The Russian was warmly received by spectators and organisers were happy to draw on her star power, putting her on the main Arthur Ashe Stadium for all four of her matches.
That decision was described as “questionable” by fifth seed Caroline Wozniacki, but Sharapova simply responded that scheduling was not her responsibility.
Asked after Sunday’s defeat if she felt as though she had a target on her back, Sharapova responded: “I feel like I’m really beyond that. I mean, there’s no other way to explain it.
“I think there’s only a way to show it on the court, because that’s what really matters to me.
“I have so many things in my life that I’ve already been able to experience, but there’s a desire to keep going for more, and to keep training and to keep living through these moments out on these courts.
“That’s special and that’s meaningful. As long as I have that desire, I’ll be there.

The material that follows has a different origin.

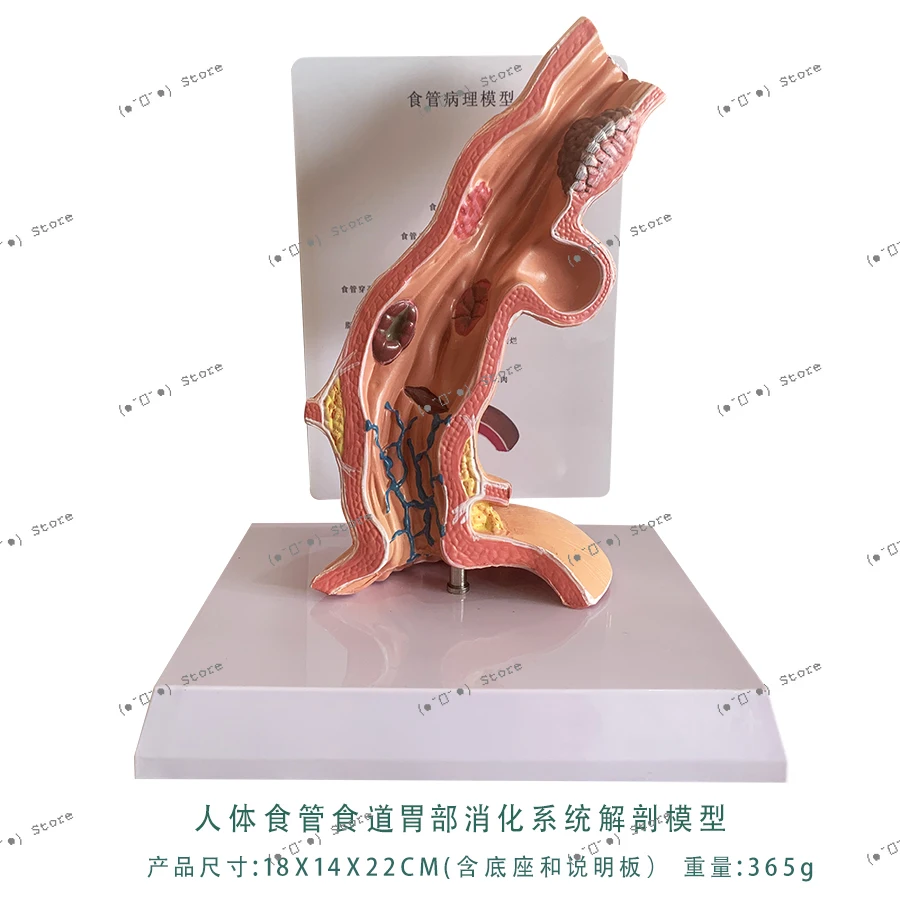 

Human Esophagus Esophagus Stomach Digestive System Anatomy Model Teaching Visceral Anatomy Human Teaching Aids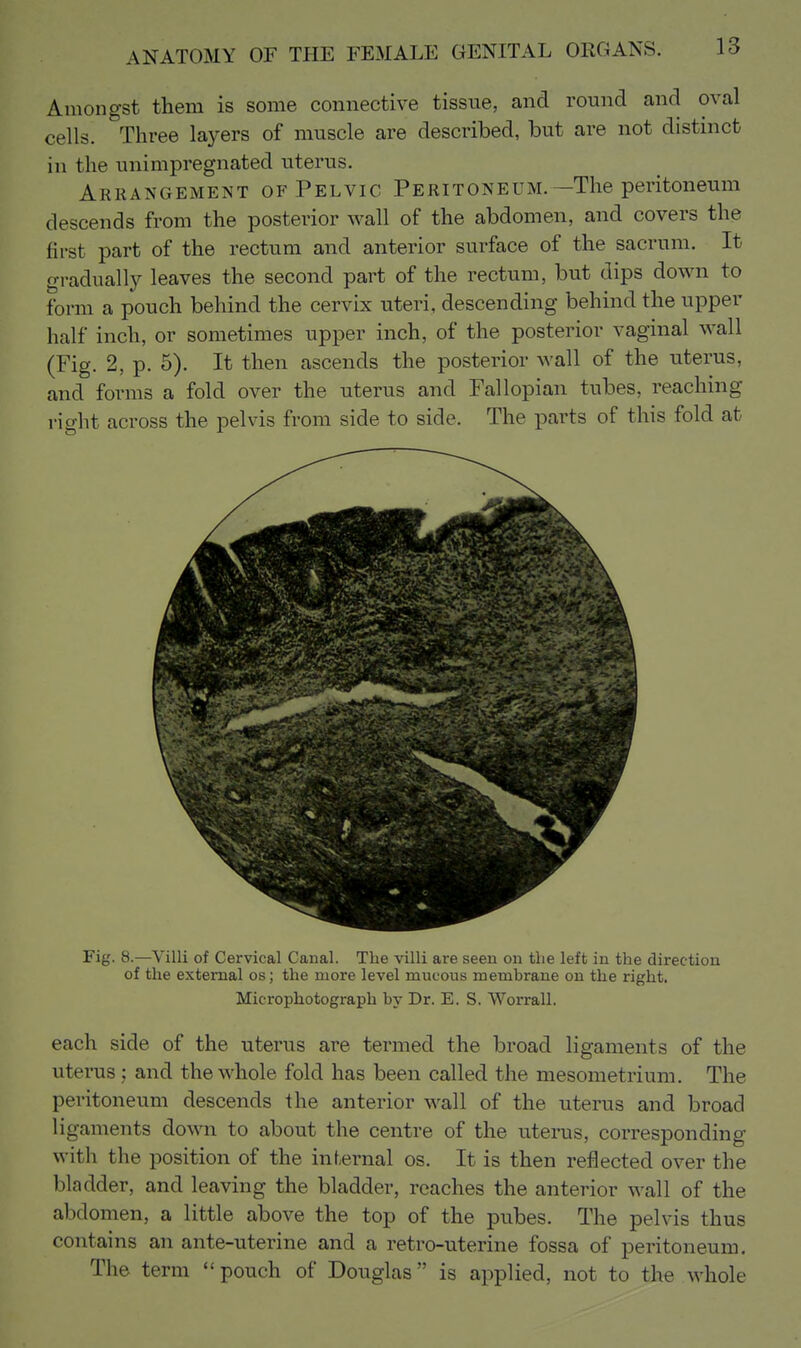 Amongst them is some connective tissue, and round and oval cells. Three layers of muscle are described, but are not distinct in the unimpregnated uterus. Arrangement of Pelvic Peritoneum.—The peritoneum descends from the posterior wall of the abdomen, and covers the first part of the rectum and anterior surface of the sacrum. It gradually leaves the second part of the rectum, but dips down to form a pouch behind the cervix uteri, descending behind the upper half inch, or sometimes upper inch, of the posterior vaginal wall (Fig. 2, p. 5). It then ascends the posterior wall of the uterus, and forms a fold over the uterus and Fallopian tubes, reaching right across the pelvis from side to side. The parts of this fold at Fig. 8.—Villi of Cervical Canal. The villi are seen on the left in the direction of the external os; the more level mucous membrane on the right. Microphotograph by Dr. E. S. Worrall. each side of the uterus are termed the broad ligaments of the uterus : and the whole fold has been called the mesometrium. The peritoneum descends the anterior M^all of the uterus and broad ligaments down to about the centre of the uterus, corresponding with the position of the internal os. It is then reflected over the bladder, and leaving the bladder, reaches the anterior wall of the abdomen, a little above the top of the pubes. The pelvis thus contains an ante-uterine and a retro-uterine fossa of peritoneum. The term pouch of Douglas is applied, not to the whole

That’s what’s important to me.”
I just kept fighting – Sevastova
Sevastova beat Garbine Muguruza and Johanna Konta on the Arthur Ashe Stadium 12 months ago, and the 5ft 5in Latvian’s defensive skills and ability to create angles ultimately derailed Sharapova.
“The first set was very close, it could have gone either way,” said Sevastova.
“She played unbelievably throughout the first and second set and I just kept fighting, running after every ball, and just stayed there.”
Sharapova ended the match with 51 errors to 42 winners as she pressed too hard in trying to break down Sevastova’s brilliant defence.
The Latvian went close to taking the first set after coming back from 4-1 down, but Sharapova clinched it with two magnificent forehands in game 12.
The momentum had already begun to swing though, and Sevastova would level thanks to a single break at 2-1 in the second – in one rally lobbing Sharapova twice, prompting the Russian to scramble left-handed in desperation.
A six-minute bathroom break ahead of the decider apparently did not have the desired effect as Sharapova quickly fell 3-0 down.
She had said after her opening match that “this girl has a lot of grit”, and it was in evidence as she cut the deficit to 3-2, but in the end Sevastova had too much.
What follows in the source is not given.